[Records shown]
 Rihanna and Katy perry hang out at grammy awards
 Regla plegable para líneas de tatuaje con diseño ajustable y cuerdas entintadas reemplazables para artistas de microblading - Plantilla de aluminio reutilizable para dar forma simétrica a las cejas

---

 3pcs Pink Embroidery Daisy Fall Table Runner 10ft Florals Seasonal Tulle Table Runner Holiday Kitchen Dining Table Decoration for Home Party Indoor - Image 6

[What is required] The expected answer is an exact copy of the lines above, beginning at the line with "Rihanna and Katy" and ending at the line with "Regla plegable para", with both ends in.

[Solution]
 Rihanna and Katy perry hang out at grammy awards
 Regla plegable para líneas de tatuaje con diseño ajustable y cuerdas entintadas reemplazables para artistas de microblading - Plantilla de aluminio reutilizable para dar forma simétrica a las cejas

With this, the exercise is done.